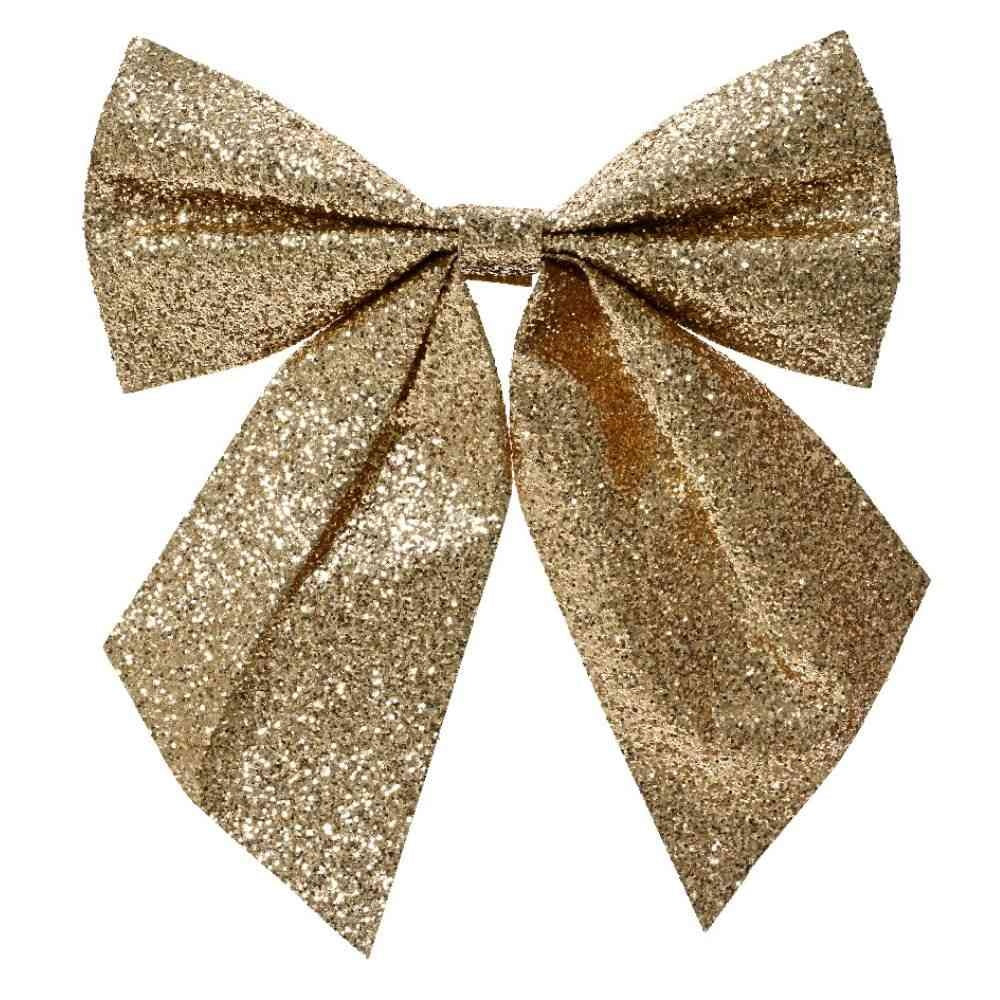 Kerststrik | polyester | goud/glitters | set van 2 | 16cm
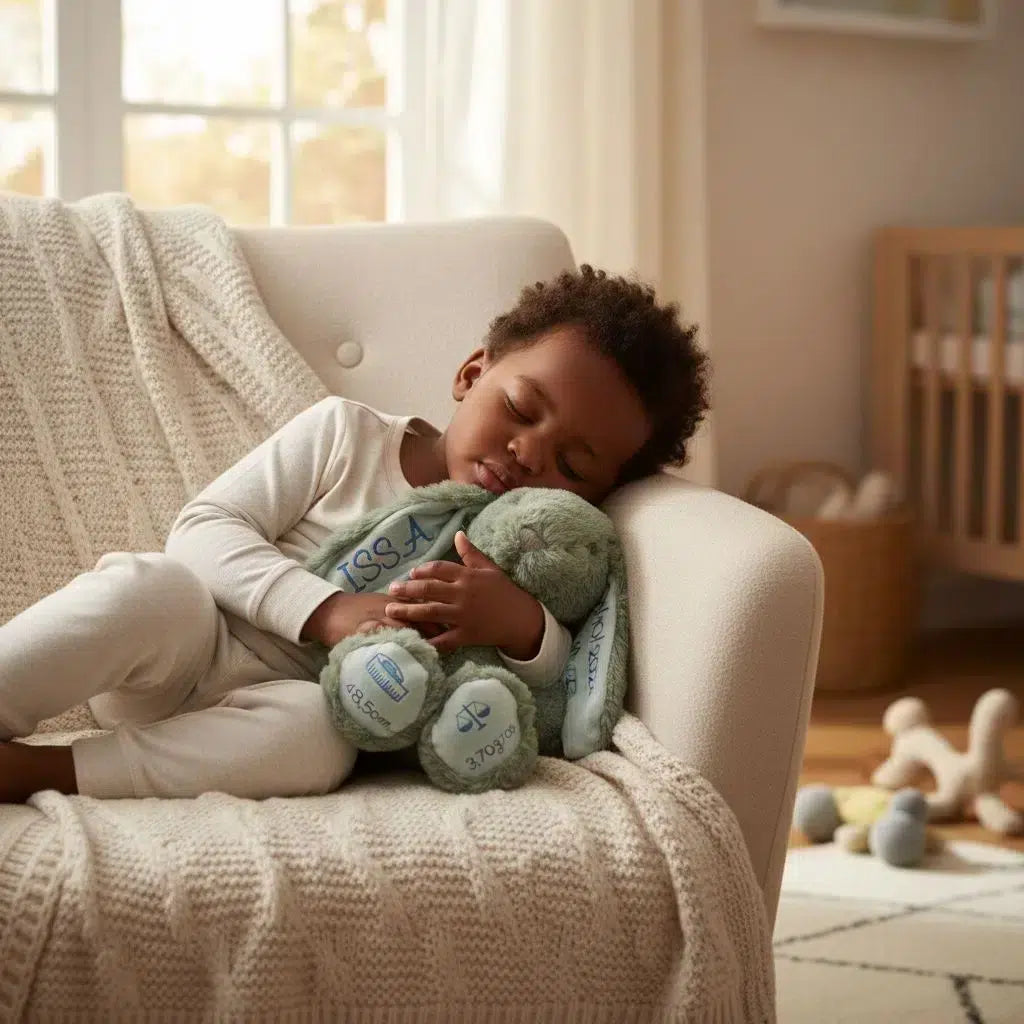 Peluche Lapin Ultra Douce Vert Sauge - Cadeau Naissance Personnalisé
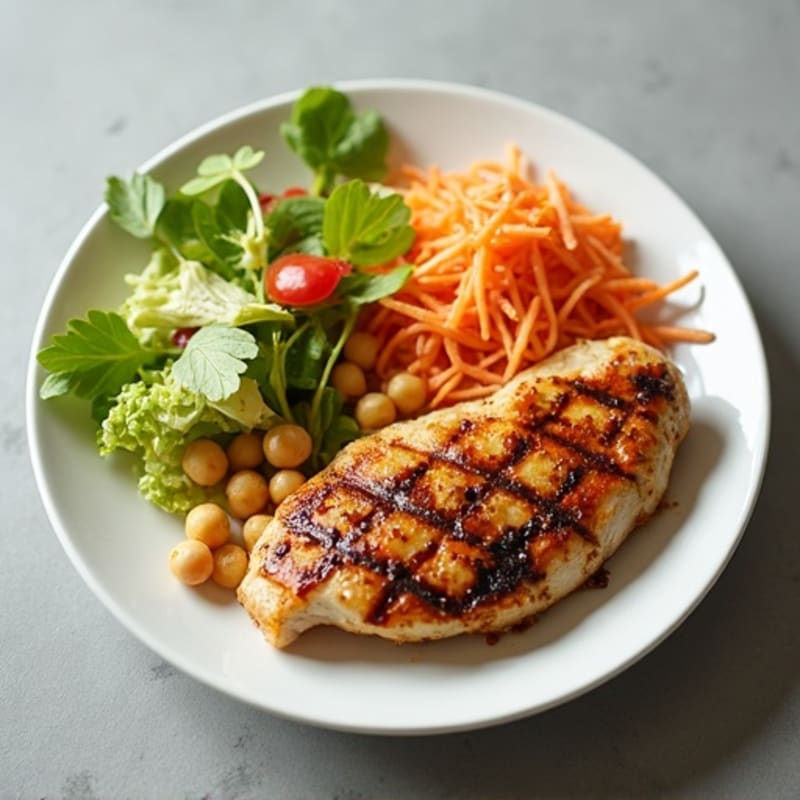 Grilled Chicken Breast with Crunchy Cabbage Slaw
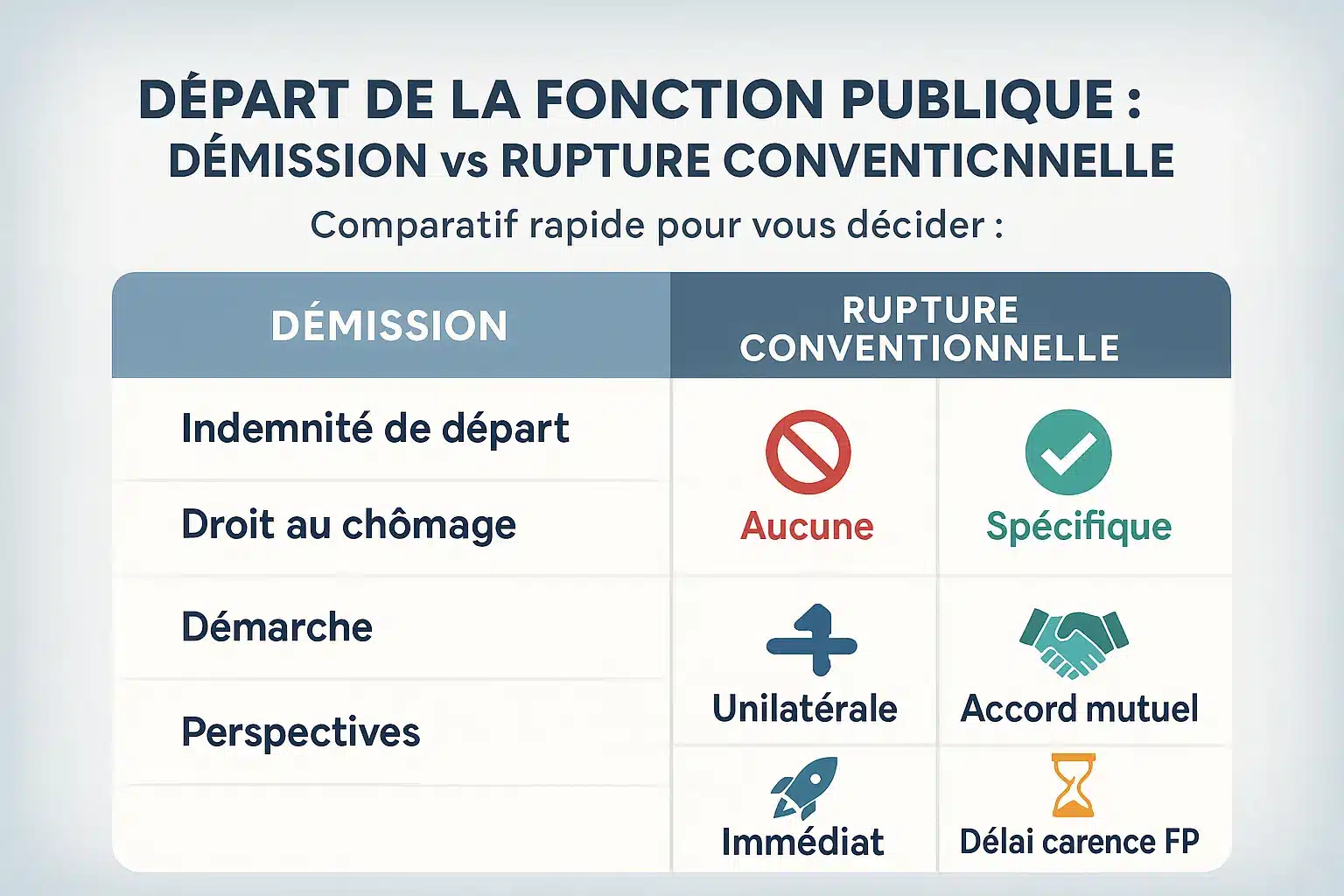Comparaison entre démission et rupture conventionnelle dans la fonction publique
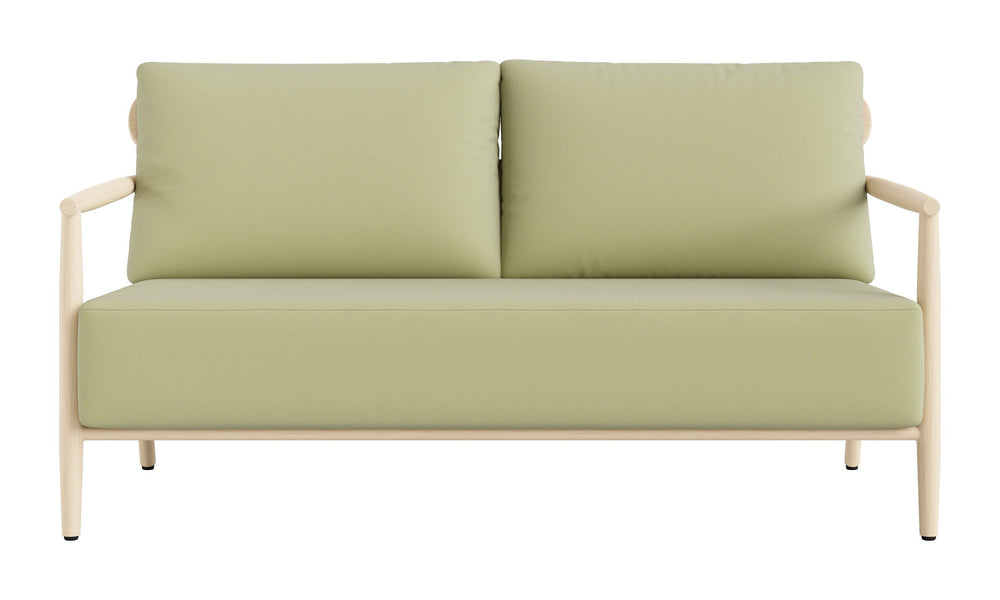 Zuo Modern Sora Art Deco Outdoor Loveseat Weatherproof Aluminum Frame Washable Cushions Patio 704222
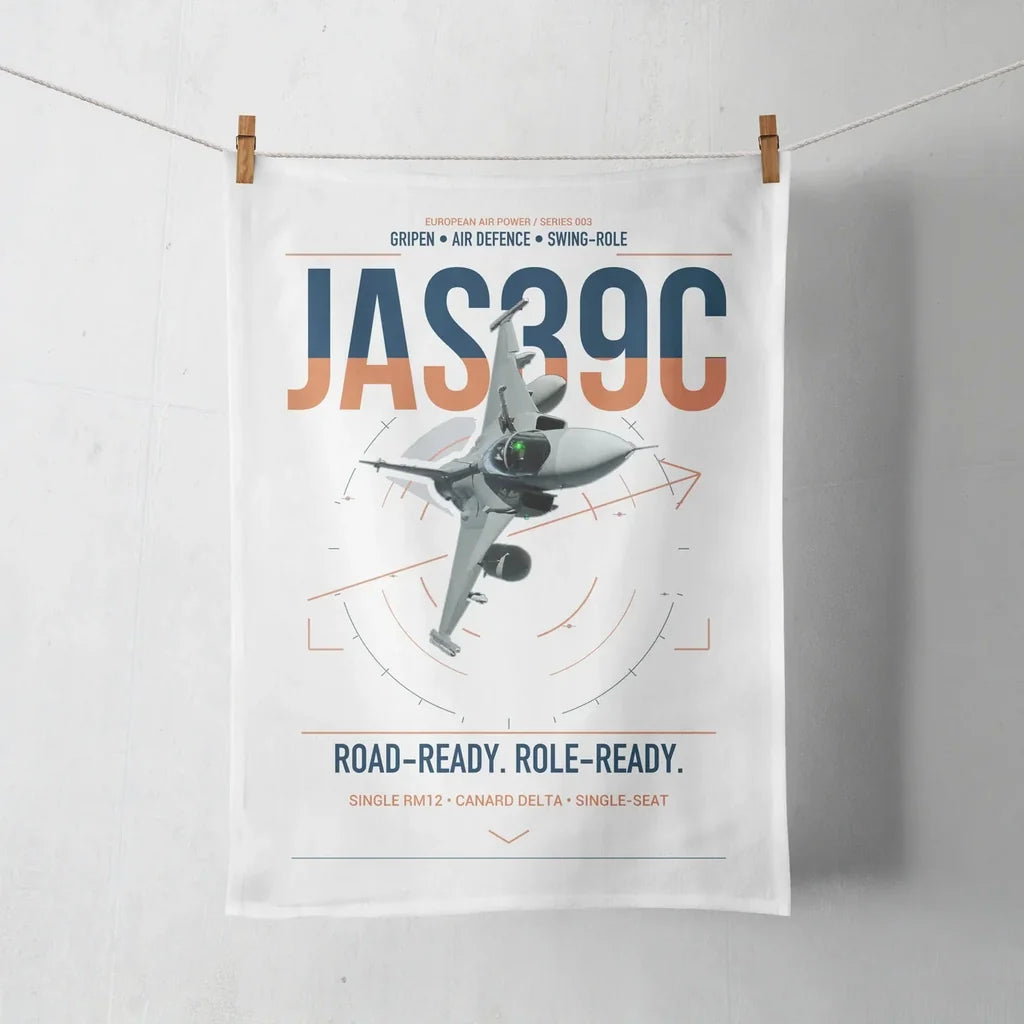 Saab JAS 39C Gripen design on white towel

--

Keep the pictures out, and write out the rest of the data above word for word.

 Kerststrik | polyester | goud/glitters | set van 2 | 16cm
 Peluche Lapin Ultra Douce Vert Sauge - Cadeau Naissance Personnalisé
 Grilled Chicken Breast with Crunchy Cabbage Slaw
Comparaison entre démission et rupture conventionnelle dans la fonction publique
 Zuo Modern Sora Art Deco Outdoor Loveseat Weatherproof Aluminum Frame Washable Cushions Patio 704222
 Saab JAS 39C Gripen design on white towel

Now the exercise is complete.